DATA RECORDS:

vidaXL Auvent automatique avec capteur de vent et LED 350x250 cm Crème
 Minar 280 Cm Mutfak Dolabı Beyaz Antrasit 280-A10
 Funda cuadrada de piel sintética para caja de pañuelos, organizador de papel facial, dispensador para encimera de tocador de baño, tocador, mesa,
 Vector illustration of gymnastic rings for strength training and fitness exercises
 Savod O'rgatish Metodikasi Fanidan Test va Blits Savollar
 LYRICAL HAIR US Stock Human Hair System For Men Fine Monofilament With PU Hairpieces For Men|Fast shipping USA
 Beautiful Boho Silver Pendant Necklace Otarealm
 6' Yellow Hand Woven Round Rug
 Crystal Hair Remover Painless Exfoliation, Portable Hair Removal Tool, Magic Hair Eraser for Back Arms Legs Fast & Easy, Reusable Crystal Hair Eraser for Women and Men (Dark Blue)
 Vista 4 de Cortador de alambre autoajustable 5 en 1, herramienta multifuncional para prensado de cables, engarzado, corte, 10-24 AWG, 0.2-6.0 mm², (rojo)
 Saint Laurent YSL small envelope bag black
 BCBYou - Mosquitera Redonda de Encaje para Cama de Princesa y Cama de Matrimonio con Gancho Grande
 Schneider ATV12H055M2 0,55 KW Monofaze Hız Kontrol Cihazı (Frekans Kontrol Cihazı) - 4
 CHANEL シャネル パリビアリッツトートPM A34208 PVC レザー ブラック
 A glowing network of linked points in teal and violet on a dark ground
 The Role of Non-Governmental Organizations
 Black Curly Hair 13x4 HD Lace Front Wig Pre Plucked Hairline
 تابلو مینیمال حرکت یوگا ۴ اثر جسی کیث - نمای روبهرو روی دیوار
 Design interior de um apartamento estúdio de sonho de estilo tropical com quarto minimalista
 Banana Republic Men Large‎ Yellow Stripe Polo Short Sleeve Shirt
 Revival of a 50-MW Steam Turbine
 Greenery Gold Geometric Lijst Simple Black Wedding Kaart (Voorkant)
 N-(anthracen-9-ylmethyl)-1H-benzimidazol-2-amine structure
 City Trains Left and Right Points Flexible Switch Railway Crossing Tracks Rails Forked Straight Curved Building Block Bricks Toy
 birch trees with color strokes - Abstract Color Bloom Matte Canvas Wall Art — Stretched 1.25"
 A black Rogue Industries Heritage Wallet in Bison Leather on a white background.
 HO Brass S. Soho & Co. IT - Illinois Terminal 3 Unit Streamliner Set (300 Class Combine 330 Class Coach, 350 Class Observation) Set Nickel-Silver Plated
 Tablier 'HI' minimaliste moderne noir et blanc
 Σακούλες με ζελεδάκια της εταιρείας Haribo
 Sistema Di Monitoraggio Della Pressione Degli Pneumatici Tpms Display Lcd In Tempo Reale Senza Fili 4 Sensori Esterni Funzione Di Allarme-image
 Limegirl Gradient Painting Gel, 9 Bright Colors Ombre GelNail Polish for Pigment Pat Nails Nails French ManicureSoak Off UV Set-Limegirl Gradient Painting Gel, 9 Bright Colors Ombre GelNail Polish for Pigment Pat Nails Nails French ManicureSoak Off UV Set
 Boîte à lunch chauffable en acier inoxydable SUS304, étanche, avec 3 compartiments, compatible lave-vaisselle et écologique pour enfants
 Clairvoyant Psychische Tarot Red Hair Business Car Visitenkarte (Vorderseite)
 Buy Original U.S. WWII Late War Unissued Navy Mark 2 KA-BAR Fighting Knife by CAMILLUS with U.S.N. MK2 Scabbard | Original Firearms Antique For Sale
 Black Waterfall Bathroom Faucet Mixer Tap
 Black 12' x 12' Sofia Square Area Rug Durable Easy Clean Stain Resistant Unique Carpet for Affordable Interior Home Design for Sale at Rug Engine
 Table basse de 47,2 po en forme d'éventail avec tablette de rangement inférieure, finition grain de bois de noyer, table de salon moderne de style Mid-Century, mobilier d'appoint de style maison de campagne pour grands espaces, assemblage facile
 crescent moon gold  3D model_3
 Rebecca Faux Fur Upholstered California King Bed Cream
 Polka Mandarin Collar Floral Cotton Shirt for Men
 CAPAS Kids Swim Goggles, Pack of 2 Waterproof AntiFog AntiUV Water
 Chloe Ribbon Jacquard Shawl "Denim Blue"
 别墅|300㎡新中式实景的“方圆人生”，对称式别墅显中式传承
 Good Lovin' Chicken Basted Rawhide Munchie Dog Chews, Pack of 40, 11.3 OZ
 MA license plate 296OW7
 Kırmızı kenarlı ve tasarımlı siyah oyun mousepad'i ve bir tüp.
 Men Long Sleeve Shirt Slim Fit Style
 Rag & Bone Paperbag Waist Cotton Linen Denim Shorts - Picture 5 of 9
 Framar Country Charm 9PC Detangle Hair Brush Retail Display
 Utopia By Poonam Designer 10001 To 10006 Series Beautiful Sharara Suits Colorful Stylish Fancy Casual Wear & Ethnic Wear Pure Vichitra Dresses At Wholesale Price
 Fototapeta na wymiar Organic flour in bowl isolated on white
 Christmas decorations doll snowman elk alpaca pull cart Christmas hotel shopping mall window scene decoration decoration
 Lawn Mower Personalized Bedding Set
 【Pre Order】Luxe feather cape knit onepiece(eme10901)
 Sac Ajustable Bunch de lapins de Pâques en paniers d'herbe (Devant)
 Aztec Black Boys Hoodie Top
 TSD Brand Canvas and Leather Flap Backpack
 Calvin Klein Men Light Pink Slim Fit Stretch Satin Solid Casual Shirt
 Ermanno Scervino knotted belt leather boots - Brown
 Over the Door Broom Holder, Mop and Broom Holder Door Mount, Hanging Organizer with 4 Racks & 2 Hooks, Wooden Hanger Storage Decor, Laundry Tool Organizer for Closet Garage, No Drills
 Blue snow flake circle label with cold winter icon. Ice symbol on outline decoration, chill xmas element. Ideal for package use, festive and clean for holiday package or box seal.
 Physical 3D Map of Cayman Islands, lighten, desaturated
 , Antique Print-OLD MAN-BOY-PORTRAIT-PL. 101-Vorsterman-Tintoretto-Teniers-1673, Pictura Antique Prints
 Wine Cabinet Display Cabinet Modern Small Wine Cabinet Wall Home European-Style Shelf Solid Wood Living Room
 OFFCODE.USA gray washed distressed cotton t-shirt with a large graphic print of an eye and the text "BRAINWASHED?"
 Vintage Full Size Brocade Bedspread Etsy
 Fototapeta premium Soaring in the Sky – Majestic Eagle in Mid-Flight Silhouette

ABOUT THIS TASK:
Return the span of lines in the data above that opens at the line with "Banana Republic Men" and closes at the line with "Black 12' x", exactly, ends included, nothing else.

TASK ANSWER:
 Banana Republic Men Large‎ Yellow Stripe Polo Short Sleeve Shirt
 Revival of a 50-MW Steam Turbine
 Greenery Gold Geometric Lijst Simple Black Wedding Kaart (Voorkant)
 N-(anthracen-9-ylmethyl)-1H-benzimidazol-2-amine structure
 City Trains Left and Right Points Flexible Switch Railway Crossing Tracks Rails Forked Straight Curved Building Block Bricks Toy
 birch trees with color strokes - Abstract Color Bloom Matte Canvas Wall Art — Stretched 1.25"
 A black Rogue Industries Heritage Wallet in Bison Leather on a white background.
 HO Brass S. Soho & Co. IT - Illinois Terminal 3 Unit Streamliner Set (300 Class Combine 330 Class Coach, 350 Class Observation) Set Nickel-Silver Plated
 Tablier 'HI' minimaliste moderne noir et blanc
 Σακούλες με ζελεδάκια της εταιρείας Haribo
 Sistema Di Monitoraggio Della Pressione Degli Pneumatici Tpms Display Lcd In Tempo Reale Senza Fili 4 Sensori Esterni Funzione Di Allarme-image
 Limegirl Gradient Painting Gel, 9 Bright Colors Ombre GelNail Polish for Pigment Pat Nails Nails French ManicureSoak Off UV Set-Limegirl Gradient Painting Gel, 9 Bright Colors Ombre GelNail Polish for Pigment Pat Nails Nails French ManicureSoak Off UV Set
 Boîte à lunch chauffable en acier inoxydable SUS304, étanche, avec 3 compartiments, compatible lave-vaisselle et écologique pour enfants
 Clairvoyant Psychische Tarot Red Hair Business Car Visitenkarte (Vorderseite)
 Buy Original U.S. WWII Late War Unissued Navy Mark 2 KA-BAR Fighting Knife by CAMILLUS with U.S.N. MK2 Scabbard | Original Firearms Antique For Sale
 Black Waterfall Bathroom Faucet Mixer Tap
 Black 12' x 12' Sofia Square Area Rug Durable Easy Clean Stain Resistant Unique Carpet for Affordable Interior Home Design for Sale at Rug Engine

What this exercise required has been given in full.